TRIBUNNEWS.COM, JAKARTA - Sampai sekarang masih terjadi kriminalisasi terhadap tanah rakyat termasuk tanah adat. Rakyat yang mengelola tanah adat puluhan tahun dan sudah berlangsung secara turun-temurun harus menjadi korban kriminalisasi karena dituduh melanggar Undang-Undang Pokok Agraria (UUPA).
“Petani dan pengelola tanah adat selama ini justru yang melindungi konservasi hutan, tidak merusak hutan lindung dan sebagainya. Penelitian dunia pun membuktikan di Amerika Latin, Afrika dan Asia, bahwa masyarakat adat itu yang mampu melindungi dan melestarikan hutan,” ujar Ketua FPKB DPR RI Helmy Faishal Zaeni ketika membuka diskusi publik, ‘Meneguhkan mandat konstitusi tanah untuk rakyat’ bersama Wakil Ketua Komisi II DPR RI Lukman Edy, Sekjen Persatuan Tani Indonesia Muhammad Nurdin, dan mantan ketua Panja Pertanahan Komisi II DPR RI Hakam Naja, di Gedung DPR RI Jakarta, Rabu (25/3/2015).
Helmy Faishal mengatakan, kita jangan mengulangi kesalahan berulang-ulang terhadap petani adat, melainkan harus melindungi.
“Diskusi ini diharapkan bisa mengurai masalah secara komprehensif dan tidak sekadar bicara tanpa tindak lanjut yang konkret yang bermanfaat bagi rakyat. FPKB DPR RI harus mengawal ini sampai menjadi UU Pertanahan yang melindungi rakyat,” ujarnya.
Meneguhkan konstitusi untuk tanah rakyat ini menurut Lukman Edy, sebagai rekomendasi Rakernas PKB di Lombok, NTB pada akhir Februari 2015 lalu. Hal ini sejalan dengan TAP MPR RI 1998 untuk melakukan reformasi agraria melaui UU Pertanahan, yang sampai saat ini belum terbentuk.
"Komisi II DPR RI memastikan pembahasan dan penuntasan RUU Pertanahan ini menjadi UU pada tahun 2015 ini.

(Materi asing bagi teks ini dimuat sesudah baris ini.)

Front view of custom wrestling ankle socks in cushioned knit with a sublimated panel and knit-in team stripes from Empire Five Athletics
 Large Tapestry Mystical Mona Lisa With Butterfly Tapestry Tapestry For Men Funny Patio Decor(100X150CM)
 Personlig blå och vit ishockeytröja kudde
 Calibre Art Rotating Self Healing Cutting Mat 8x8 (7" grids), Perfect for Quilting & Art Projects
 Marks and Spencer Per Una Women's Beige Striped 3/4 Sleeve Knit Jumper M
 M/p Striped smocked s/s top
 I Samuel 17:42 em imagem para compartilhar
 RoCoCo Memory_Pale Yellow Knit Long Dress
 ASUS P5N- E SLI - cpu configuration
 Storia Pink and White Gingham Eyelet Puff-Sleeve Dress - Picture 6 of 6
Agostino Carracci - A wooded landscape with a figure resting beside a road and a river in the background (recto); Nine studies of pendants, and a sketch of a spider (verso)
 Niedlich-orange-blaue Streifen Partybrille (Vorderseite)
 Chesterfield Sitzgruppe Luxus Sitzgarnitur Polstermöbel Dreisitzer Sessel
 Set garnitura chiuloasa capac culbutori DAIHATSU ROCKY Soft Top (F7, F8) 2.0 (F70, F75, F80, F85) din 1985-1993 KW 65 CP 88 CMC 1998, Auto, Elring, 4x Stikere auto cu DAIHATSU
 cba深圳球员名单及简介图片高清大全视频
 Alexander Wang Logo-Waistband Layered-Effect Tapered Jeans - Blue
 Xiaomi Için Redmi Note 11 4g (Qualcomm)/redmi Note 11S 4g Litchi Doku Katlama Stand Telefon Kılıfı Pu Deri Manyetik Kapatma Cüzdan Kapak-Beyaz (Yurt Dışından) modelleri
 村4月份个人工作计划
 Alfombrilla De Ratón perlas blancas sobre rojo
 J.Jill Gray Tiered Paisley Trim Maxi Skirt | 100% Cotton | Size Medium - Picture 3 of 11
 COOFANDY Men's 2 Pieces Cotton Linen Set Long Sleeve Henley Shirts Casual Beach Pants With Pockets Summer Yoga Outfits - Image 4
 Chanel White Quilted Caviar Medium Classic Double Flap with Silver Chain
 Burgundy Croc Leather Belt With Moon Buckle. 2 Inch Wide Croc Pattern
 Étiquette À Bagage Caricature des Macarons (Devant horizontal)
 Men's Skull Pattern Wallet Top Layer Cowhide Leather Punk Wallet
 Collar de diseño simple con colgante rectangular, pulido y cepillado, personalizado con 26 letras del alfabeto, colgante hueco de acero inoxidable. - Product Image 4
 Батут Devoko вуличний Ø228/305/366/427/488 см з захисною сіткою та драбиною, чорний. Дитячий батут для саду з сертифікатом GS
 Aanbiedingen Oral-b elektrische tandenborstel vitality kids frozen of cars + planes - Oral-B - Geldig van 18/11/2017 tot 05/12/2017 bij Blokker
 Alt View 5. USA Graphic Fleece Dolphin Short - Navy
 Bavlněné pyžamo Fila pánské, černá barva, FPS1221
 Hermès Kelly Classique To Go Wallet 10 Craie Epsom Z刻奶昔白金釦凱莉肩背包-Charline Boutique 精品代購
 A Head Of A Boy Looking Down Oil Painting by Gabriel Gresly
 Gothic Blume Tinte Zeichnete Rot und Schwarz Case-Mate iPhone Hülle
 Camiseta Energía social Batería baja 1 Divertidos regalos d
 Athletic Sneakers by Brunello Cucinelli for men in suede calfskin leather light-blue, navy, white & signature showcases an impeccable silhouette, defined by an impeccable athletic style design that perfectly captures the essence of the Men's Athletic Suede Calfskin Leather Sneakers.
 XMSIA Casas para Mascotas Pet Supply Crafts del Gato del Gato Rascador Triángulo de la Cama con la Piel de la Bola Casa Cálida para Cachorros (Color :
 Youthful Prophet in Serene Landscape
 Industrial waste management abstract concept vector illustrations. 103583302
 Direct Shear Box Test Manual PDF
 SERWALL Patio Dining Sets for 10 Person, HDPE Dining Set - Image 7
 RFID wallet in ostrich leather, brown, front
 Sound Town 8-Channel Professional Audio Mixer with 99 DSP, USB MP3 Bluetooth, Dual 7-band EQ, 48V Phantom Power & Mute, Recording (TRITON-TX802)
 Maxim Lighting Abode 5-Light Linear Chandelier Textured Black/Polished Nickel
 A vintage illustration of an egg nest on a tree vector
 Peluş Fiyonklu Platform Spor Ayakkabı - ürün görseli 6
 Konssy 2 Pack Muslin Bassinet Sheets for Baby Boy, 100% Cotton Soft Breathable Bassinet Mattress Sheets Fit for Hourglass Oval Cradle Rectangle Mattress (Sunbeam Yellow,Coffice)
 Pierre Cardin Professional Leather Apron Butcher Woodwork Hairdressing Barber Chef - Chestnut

Komisi II DPR pun sudah membentuk Panja tanah,” ujarnya.
Namun demikian lanjut anggota DPR RI dari Dapil Riau itu, membahas RUU ini tidak boleh menghapus UU PA. Sebab, menghapus UU PA itu bisa menimbulkan konflik yang luar biasa.
Menurut Lukman, ada 9 substansi soal tanah di Indonesia. Yaitu, pertama, meliputi masalah tumpang-tindihnya kepemilikan tanah yang terjadi di seluruh Indonesia dan berpotensi terjadi konflik horizontal dan vertikal. Kedua, masalah tanah terlantar.
Ketiga, masalah kebijakan pengelolaan dan pemanfaatan lahan. Keempat, masalah database tentang pemanfaatan lahan dan penggunaan ruang.
Kelima, masalah kesulitan mengurus sertifikat tanah. Keenam, masalah sumber daya, sarana, dan prasarana. Ketujuh, masalah pengakuan atas tanah adat atau tanah ulayat.
Kedelapan, masalah ganti rugi tanah, dan kesembilan, masalah pembagian kewenangan antara pemerintah pusat dan pemerintah daerah serta kesesuaian UU Pemerintah Daerah dengan UU Sektoral.